▶ [Exercise]:
Below is a listing. Write out exactly its lines between the one holding "Lamp-lit chambers and" and the one holding "John Wilson, 70, stands", inclusive.
=== Section Start ===
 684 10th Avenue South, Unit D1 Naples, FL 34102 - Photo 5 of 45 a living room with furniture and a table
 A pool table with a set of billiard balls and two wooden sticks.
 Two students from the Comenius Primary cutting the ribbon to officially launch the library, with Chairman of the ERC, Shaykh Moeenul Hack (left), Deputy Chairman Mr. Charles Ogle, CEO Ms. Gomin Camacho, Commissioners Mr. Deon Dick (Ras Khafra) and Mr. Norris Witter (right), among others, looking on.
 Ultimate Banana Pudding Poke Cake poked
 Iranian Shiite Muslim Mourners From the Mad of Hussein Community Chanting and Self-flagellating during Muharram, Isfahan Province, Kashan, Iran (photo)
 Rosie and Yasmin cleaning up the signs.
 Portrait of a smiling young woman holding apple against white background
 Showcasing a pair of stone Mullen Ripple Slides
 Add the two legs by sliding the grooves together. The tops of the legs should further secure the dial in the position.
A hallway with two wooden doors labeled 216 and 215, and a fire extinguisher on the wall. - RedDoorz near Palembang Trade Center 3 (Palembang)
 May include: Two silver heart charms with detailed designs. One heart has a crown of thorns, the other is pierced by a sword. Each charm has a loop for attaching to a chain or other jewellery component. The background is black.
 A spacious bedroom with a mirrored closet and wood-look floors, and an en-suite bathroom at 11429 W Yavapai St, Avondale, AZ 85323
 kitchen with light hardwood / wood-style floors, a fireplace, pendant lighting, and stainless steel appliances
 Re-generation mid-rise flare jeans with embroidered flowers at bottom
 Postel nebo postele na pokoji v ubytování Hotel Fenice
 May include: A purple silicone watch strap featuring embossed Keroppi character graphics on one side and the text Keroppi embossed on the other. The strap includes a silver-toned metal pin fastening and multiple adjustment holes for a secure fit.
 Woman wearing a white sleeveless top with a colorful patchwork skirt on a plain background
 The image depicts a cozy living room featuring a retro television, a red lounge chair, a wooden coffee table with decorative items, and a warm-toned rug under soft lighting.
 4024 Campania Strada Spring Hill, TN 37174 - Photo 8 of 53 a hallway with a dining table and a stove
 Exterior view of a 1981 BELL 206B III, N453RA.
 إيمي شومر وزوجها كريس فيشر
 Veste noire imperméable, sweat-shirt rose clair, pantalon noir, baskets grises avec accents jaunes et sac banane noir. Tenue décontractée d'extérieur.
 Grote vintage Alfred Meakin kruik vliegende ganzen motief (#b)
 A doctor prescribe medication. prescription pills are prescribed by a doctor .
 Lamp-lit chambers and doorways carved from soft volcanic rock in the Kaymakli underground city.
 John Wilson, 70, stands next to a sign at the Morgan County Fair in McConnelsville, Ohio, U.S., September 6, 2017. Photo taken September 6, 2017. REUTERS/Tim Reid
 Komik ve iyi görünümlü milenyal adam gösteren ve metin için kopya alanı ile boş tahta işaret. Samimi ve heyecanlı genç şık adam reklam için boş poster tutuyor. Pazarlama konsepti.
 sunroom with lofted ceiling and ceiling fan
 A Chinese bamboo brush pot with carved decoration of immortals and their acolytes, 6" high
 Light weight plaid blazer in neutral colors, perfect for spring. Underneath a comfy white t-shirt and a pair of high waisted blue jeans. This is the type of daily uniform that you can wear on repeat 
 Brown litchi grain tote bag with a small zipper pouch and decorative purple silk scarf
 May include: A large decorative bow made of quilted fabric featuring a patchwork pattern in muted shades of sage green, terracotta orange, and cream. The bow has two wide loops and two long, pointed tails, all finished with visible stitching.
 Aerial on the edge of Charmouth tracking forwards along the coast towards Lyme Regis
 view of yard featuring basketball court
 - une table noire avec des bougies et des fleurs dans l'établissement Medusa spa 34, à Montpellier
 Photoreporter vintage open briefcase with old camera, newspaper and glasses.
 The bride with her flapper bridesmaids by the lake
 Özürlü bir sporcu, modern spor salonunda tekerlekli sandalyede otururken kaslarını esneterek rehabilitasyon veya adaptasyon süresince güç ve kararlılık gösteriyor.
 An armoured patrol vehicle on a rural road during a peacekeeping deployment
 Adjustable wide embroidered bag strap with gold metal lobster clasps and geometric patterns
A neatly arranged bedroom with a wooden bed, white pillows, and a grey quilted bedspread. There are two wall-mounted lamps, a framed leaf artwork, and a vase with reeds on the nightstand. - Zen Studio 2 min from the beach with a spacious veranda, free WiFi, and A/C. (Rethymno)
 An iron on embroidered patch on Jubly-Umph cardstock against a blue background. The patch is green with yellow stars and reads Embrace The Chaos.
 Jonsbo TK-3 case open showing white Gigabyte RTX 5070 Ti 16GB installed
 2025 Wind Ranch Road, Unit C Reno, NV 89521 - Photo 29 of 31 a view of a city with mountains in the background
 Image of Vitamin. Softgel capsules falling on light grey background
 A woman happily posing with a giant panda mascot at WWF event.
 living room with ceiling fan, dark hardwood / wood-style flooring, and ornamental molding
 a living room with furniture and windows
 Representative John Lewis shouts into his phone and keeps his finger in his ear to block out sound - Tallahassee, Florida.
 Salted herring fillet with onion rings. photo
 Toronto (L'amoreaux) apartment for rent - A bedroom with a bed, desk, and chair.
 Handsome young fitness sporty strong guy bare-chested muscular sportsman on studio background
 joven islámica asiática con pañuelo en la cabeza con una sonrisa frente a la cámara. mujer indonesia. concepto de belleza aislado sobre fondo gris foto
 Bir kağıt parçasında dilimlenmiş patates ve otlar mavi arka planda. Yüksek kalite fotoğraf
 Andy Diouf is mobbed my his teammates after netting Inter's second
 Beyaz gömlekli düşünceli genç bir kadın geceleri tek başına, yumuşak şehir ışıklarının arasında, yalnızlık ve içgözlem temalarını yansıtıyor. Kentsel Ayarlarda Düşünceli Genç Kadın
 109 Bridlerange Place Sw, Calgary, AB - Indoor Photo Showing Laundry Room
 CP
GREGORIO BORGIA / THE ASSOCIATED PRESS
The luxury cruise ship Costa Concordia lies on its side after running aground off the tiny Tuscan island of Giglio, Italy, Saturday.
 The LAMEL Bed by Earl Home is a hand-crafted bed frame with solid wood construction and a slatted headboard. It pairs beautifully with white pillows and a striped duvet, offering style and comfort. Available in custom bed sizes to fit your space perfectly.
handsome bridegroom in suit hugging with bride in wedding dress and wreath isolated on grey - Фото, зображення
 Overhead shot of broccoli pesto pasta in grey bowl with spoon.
=== Section End ===
▶ [Task solution]:
 Lamp-lit chambers and doorways carved from soft volcanic rock in the Kaymakli underground city.
 John Wilson, 70, stands next to a sign at the Morgan County Fair in McConnelsville, Ohio, U.S., September 6, 2017. Photo taken September 6, 2017. REUTERS/Tim Reid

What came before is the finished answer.